Stata The Stata listserver
[Date Prev][Date Next][Thread Prev][Thread Next][Date index][Thread index]

st: RE: cleaning a specific data structure

From   "Nick Cox" <>
To   <>
Subject   st: RE: cleaning a specific data structure
Date   Fri, 21 Nov 2003 13:06:59 -0000

Radu Ban 

> The data is organized like this, numbers are made-up for this
> id dummy descriptor
> 13 1 <blank>
> 13 0 abc
> 13 1 <blank>
> 14 0 <blank>
> 14 0 def
> 14 0 def
> The idea is that the id variable should be unique, but for some
> reason it is not.  This means that both the dummy and descriptor
> should have the same values accross the id groups. A complication
> is that for the dummy, if there's a "1" in a group all the group
> should be "1". 
> I want to reduce this to a clean version which looks like this:
> id dummy descriptor
> 13 1 abc
> 14 0 def
> For the dummy part I dealt with it like this (probably a convoluted
> bysort id: egen maxdummy = max(dummy)
> replace dummy = maxdummy
> bysort id: keep if _n == 1
> But I am a bit stuck on how to deal with the string descriptor. I
> mean I know one way of doing by splitting the data and then
> merging it back but there has to be a more efficient way.

I think you are right: you can do all you want in one place. 

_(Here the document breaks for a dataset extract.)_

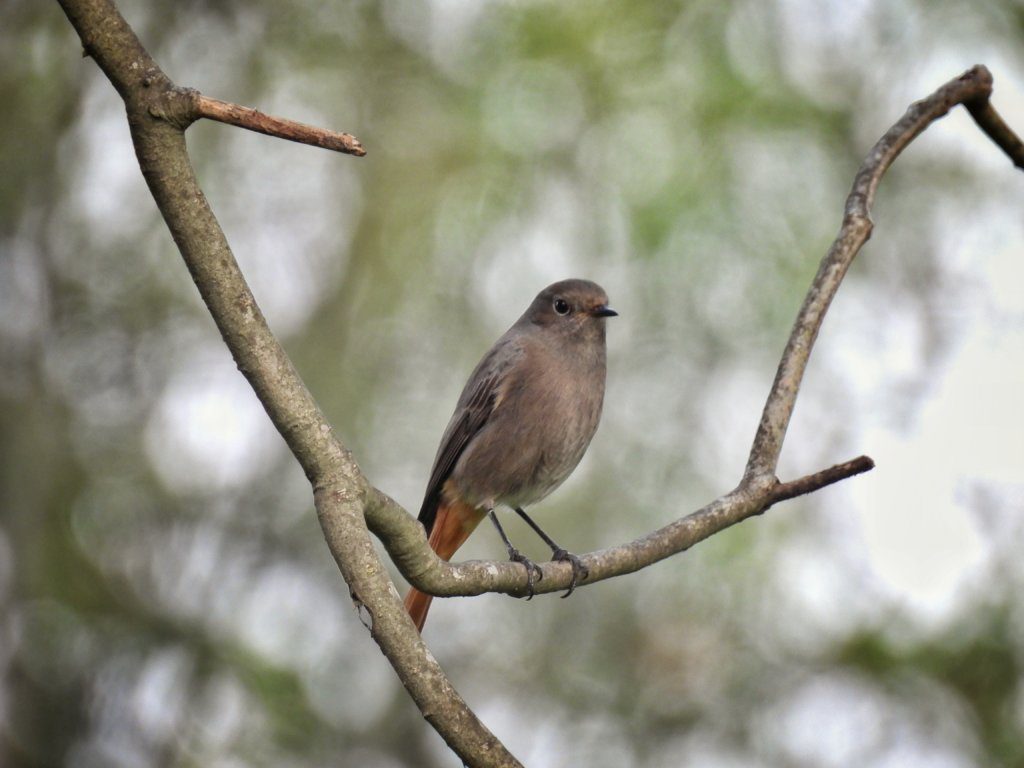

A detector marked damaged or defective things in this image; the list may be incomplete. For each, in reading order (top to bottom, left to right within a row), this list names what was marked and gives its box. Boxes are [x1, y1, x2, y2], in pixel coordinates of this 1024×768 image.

The dummy can be sorted out your way, or this way: 

bysort id (dummy) : replace dummy = dummy[_N] 

as 1s will get sorted to the end. 

If I understand correctly, the descriptor can be 
sorted out similarly 

bysort id (descriptor) : replace descriptor = descriptor[_N] 

as the empty strings will get sorted to the beginning. 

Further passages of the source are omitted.